Gevher Farsça, cevher demektir. Mânalar ve İlâhî sıfatlar.
Gına Din için Allah için zenginlik anlamlarına gelir. Sûfiler Allah'a muhtaç olma Allah ile zengin olmayı sağlar demişlerdir.
Goygoycu Muharrem ayının ilk günlerinde, toplu halde kapı kapı dolaşıp dilenenler için kullanılır, içlerinden biri ilâhi okur, okuduğu ilâhinin her mısrasının sonunda, diğerlerinin da "göy göy göy canım" demeleri sebebiyle, bunlara goygoycu denmiştir.
Hak Arapça'dır, gerçek anlamına gelir. Allah'ın güzel isimlerindendir (el-Hakk).
İhlâs Gösterişi bırakmak, taatta, ibadette samimi olmak manalarını ihtiva eden Arapça bir ifade. Kalbi, safasına keder veren şeyden kurtarmak. Tam bir doğrulukla kullukta bulunmak. Amellerinde, Allah'tan başkasından karşılık beklememek.
İman İman, Peygamber Efendimizin (s.a.v.) Allâhü Teâlâ tarafından getirip tebliğ buyurduğu; bildirdiği şeylerin tamamını kabul ve kalbi ile tasdik etmektir. İman, kalbin bu tasdikinden ibarettir. Fakat kişinin, hayatında ve ölümünde kendisine Müslüman muamelesi yapılması için kelime-i şehadeti kalbi ile tasdik edip dili ile söylemesi şarttır.
Kâbe Yeryüzünde Allah'a ibadet edilmek üzere inşa edilmiş olunan ilk mâ'bed. Vuslat makamı. Kalbin Hakk'a, sevgiliye, bembeyaz ihram giyerek, yani güzel huylarla süslenmiş olarak yönelmesi. Tasavvuf erbabına göre, iki türlü Ka'be söz konusudur: Birisi Hz. İbrahim'in taştan topraktan yaptığı, çok defalar yıkıldığı halde, tekrar tekrar tamir edilen ve yeniden yapılan maddî Ka'be. İkincisi de, Allah tarafından bina edilen insan gönlü, kalbi.

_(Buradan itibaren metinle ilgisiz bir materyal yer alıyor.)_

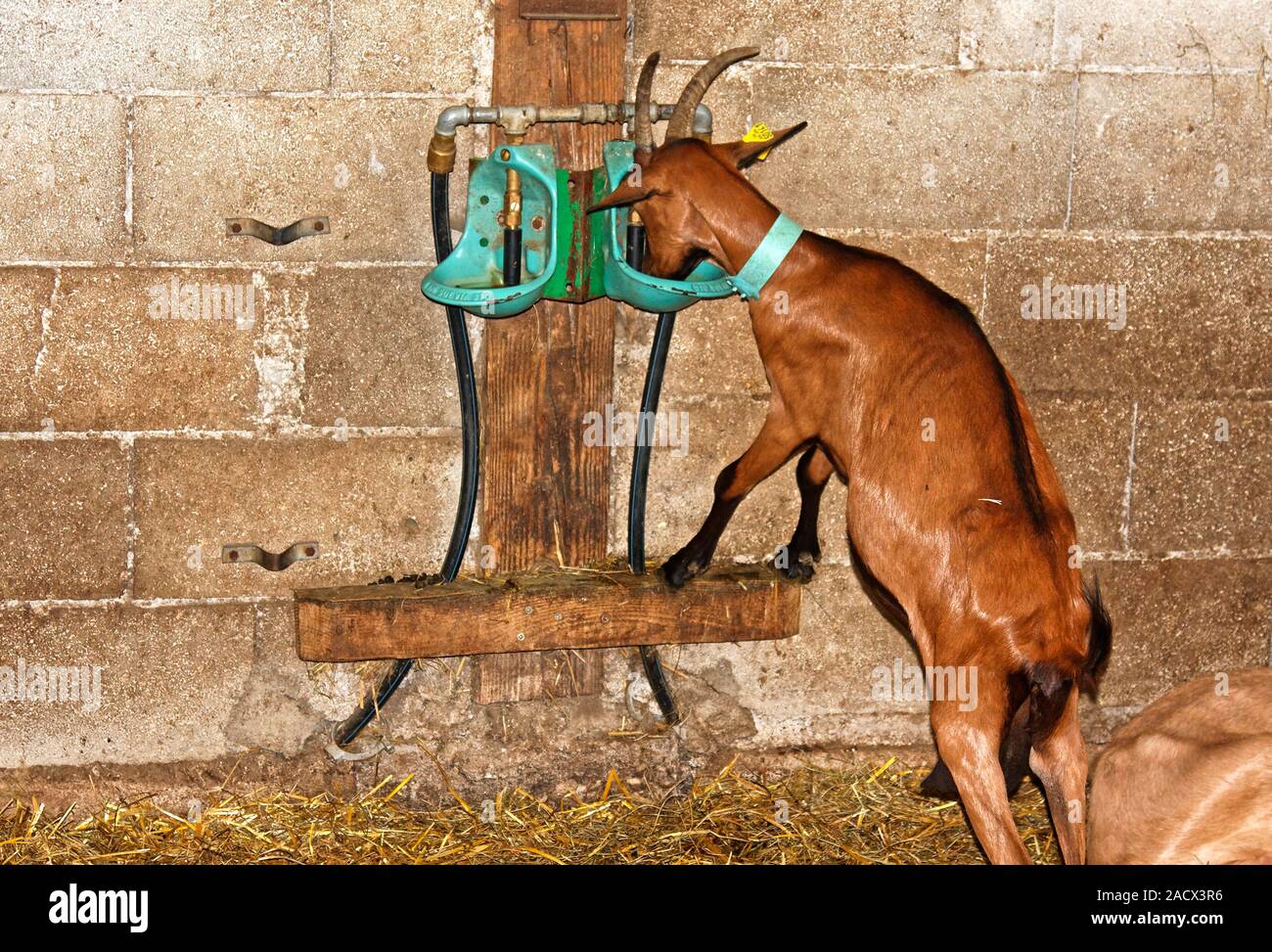 goat, drinking water, raised basin, barn, straw, short horns, collar, ear ID tag, farm animal, Macon; France; horizontal Stock Photo
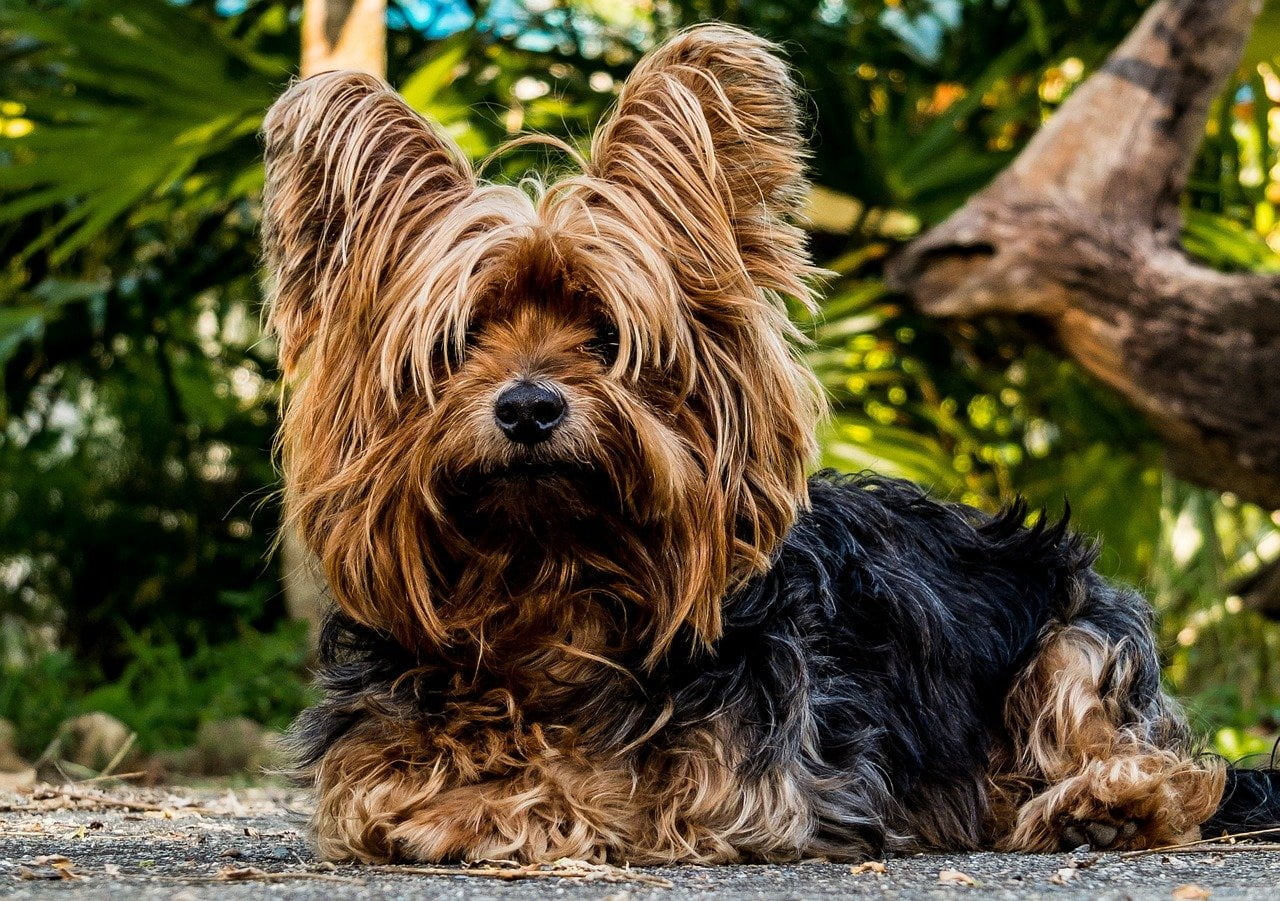 Beste effileerschaar hond - Top 3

Masiva Allah dışındaki diğer tüm varlıklar.
Maşuk Arapça, sevgili demektir. Allah. O, her yönden sevilmeye lâyıktır.
Meydancı Dergâhtaki meydan hizmetlerine bakan, mukabele yapılacağı zaman şeyhin postunu semahanede yere seren, âyinden sonra kaldıran, yemek ve mukabele vaktini kuralına göre duyuracak dervişe sala vermesini emreden görevliye Meydancı veya Meydancı Dede, yardımcısına da "Meydancı Yamağı" denir. Mevlevî tekkelerinde "İç Meydancı" ve "Dış Meydancı" diye iki türlü meydancı olurdu, iç Meydancı mutfak işlerine, Dış Meydancı da mutfak dışındaki işlere bakardı.
Meyl Arapça, eğilim, meyletme demektir. Gayeden, temelden habersiz, elde olmadan (kendiliğinden) herşeyin aslına dönmesi. Her cins kendi cinsine meyleder.